Top of DATA FOR ANALYSIS
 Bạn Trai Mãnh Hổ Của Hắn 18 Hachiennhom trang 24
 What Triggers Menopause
Bottom of DATA FOR ANALYSIS
Top of DATA FOR ANALYSIS
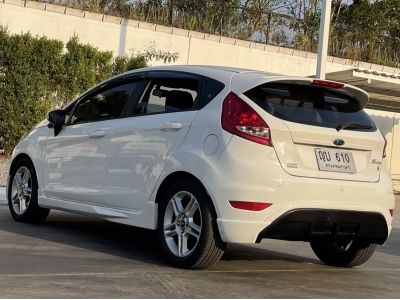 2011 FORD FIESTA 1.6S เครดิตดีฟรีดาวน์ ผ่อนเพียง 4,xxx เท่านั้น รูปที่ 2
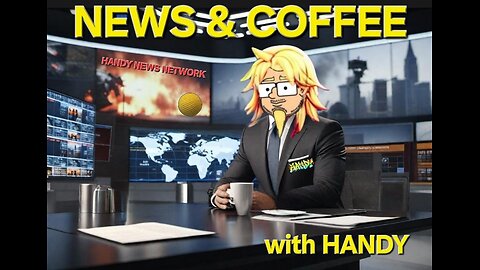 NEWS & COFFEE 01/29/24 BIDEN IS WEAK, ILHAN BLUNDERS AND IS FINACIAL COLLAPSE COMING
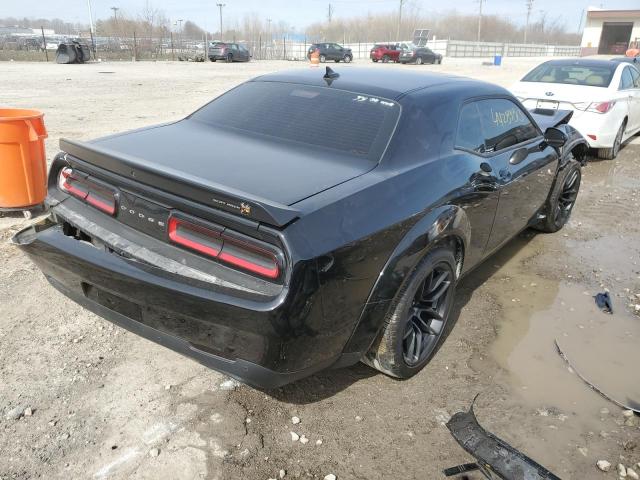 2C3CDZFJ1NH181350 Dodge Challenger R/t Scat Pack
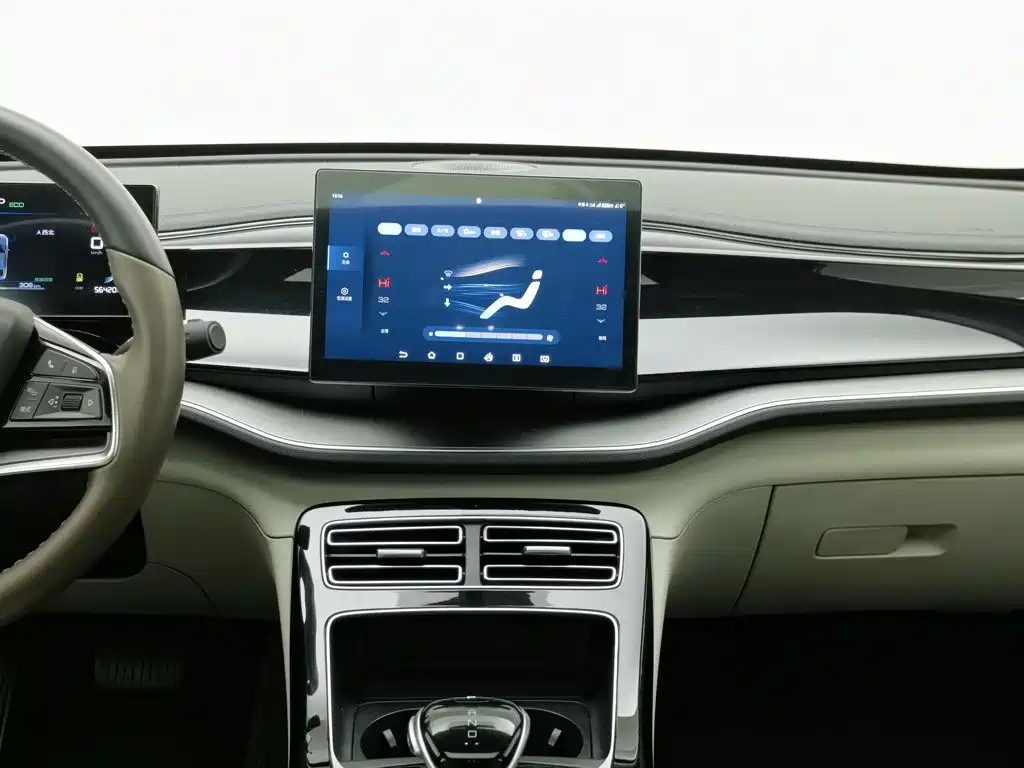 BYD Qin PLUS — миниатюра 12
Bottom of DATA FOR ANALYSIS
Top of DATA FOR ANALYSIS
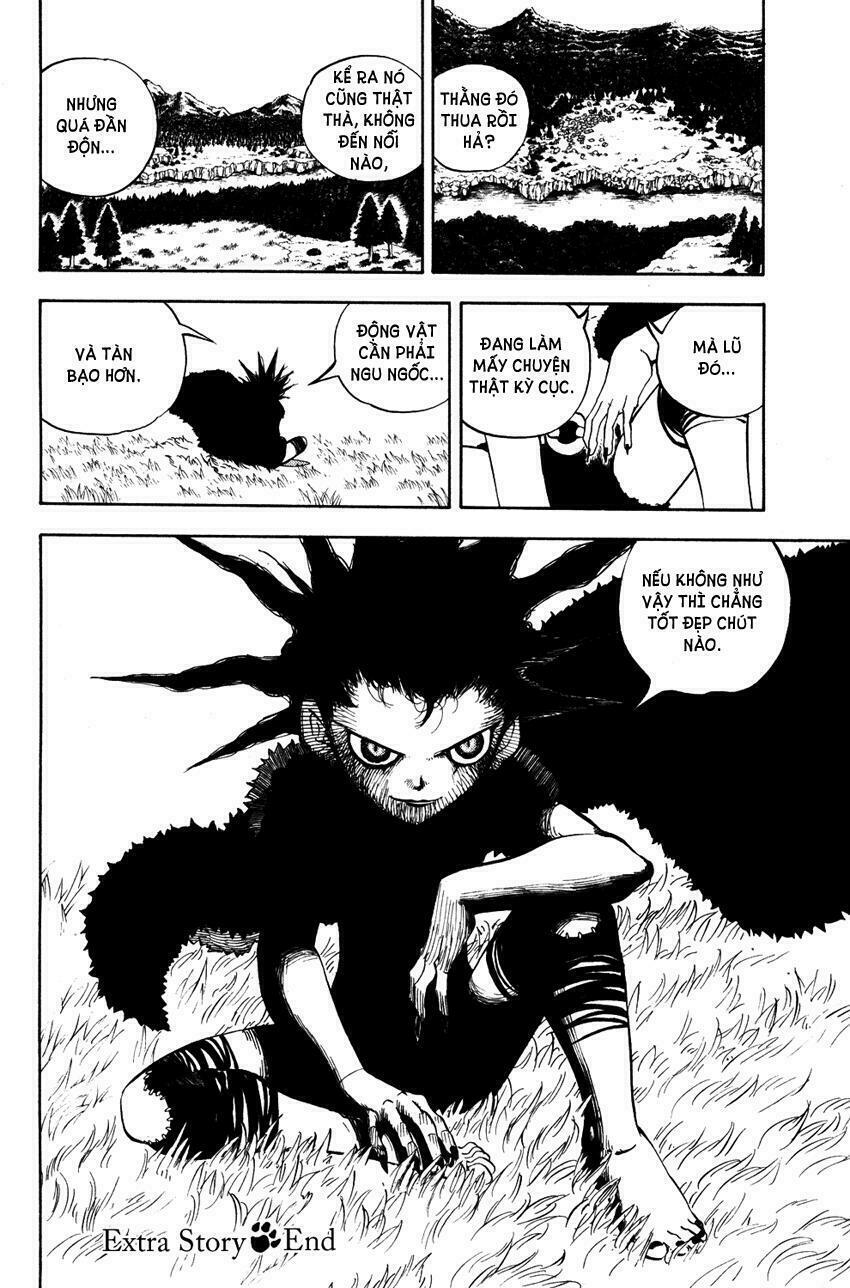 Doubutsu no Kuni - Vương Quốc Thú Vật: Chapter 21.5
Bottom of DATA FOR ANALYSIS
_ABOUT THIS TASK_
Out of the records above, please copy exactly the lines from the line with "2011 FORD FIESTA" up to and including the line with "BYD Qin PLUS — миниатюра 12", minus the pictures.

_COMPLETED TASK_
 2011 FORD FIESTA 1.6S เครดิตดีฟรีดาวน์ ผ่อนเพียง 4,xxx เท่านั้น รูปที่ 2
 NEWS & COFFEE 01/29/24 BIDEN IS WEAK, ILHAN BLUNDERS AND IS FINACIAL COLLAPSE COMING
 2C3CDZFJ1NH181350 Dodge Challenger R/t Scat Pack
 BYD Qin PLUS — миниатюра 12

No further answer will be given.